12. I find the allegation of a conspiracy lacking in any credibility whatsoever and to be a complete fabrication by the accused. I accept totally the evidence of the father of the complainant in this regard.


13. The second issue that I am asked to address is as follows:


"Second, if you do not believe the testimony of the accused but you are left in a reasonable doubt by it, you must acquit."


14. In so far as this suggests that an accused may have some burden of leaving the Court with a reasonable doubt, I reject this approach. In considering all of the evidence of the Crown and the Defence, I am not "left in reasonable doubt by it."


15. The third issue raised is as follows:


"Third, even if you are not left in doubt by the evidence of the accused, you must ask yourself whether, on the basis of the evidence which you do accept, you are convinced beyond a reasonable doubt by that evidence of the guilt of the accused."


16. I have asked myself whether, on the evidence which I accept, I am convinced beyond reasonable doubt by that evidence of the guilt of the accused and have come to the conclusion that I am so convinced.


17. The complainant is now a 22 year old girl. She was brought into Court in a wheel chair, she being unable to use any of her limbs. It was also quickly apparent that she has great difficulty in talking and is, at least to the inexpert observer, possibly suffering from some degree of mental retardation. Despite these afflictions, she gave clear evidence of the accused raping her on two occasions. There were discrepancies in her evidence in relation to whether the second offence occurred during the day or at night. Other discrepancies were pointed out by the Defence, in particular some discrepancies between the way in which the Crown opened its case and the evidence given by the complainant.
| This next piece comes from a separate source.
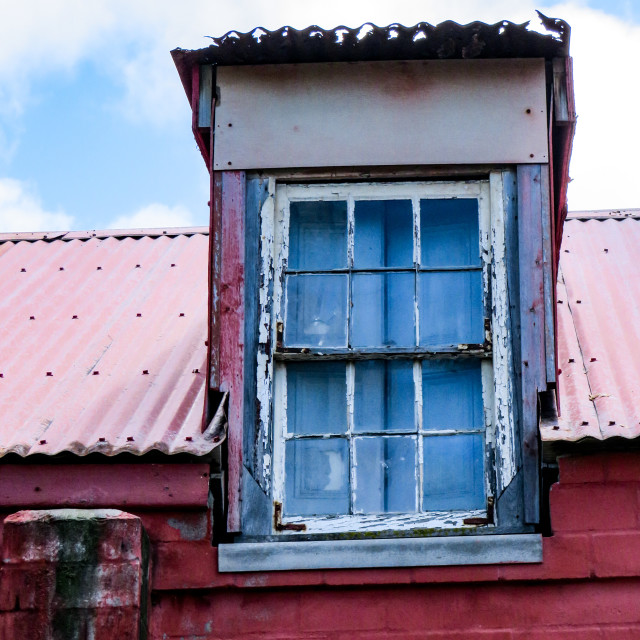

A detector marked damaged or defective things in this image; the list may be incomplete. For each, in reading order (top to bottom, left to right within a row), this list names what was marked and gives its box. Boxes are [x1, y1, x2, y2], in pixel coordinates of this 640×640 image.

rusty corrugated ridge cap [171, 12, 568, 99]
rusty corrugated ridge cap [0, 226, 209, 244]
18. I have given careful consideration to these discrepancies and have considered whether they are of such significance as to cause me to have a reasonable doubt about the honesty or the reliability of her evidence. I have concluded that they are not.


10. These offences are said to have occurred in 2010 and 2011, and I am of the view that to expect a young woman in the condition of the complainant to testify without discrepancies after the passage of several years, is an unrealistic expectation. It is not that discrepancies might exist in the testimony of a witness, but rather the significance that they have and what impact they might have on the Court's assessment of honesty, reliability and credibility. Of course, discrepancies even if small may be so numerous that in their totality, the combined effect may produce in the mind of the Court a reasonable doubt on these issues.


11. However, the discrepancies in this case could not be said to be so numerous or so significant as to cause me to have a doubt about her evidence establishing the elements of the offence beyond reasonable doubt. In my judgment, she gave her evidence honestly and credibly and her instantaneous horrified reactions to Defence suggestions that she was lying and making up her allegations, were impressive and genuine. She impressed as a witness who, although struggling under enormous disadvantages was, above all, honest. I accept her evidence that the accused, on two separate occasions, had sexual intercourse with her against her will.


12. As a result of these findings, I judge that the Crown has proven both charges beyond reasonable doubt and the accused is convicted of both counts as charged.


Order:
The accused is convicted of two counts of rape contrary to section 136 of the Penal Code [Cap. 26].


The accused is remanded in custody for sentencing in Honiara on a date to be fixed.


Written sentencing submissions are to be filed on or before 18th June, 2014.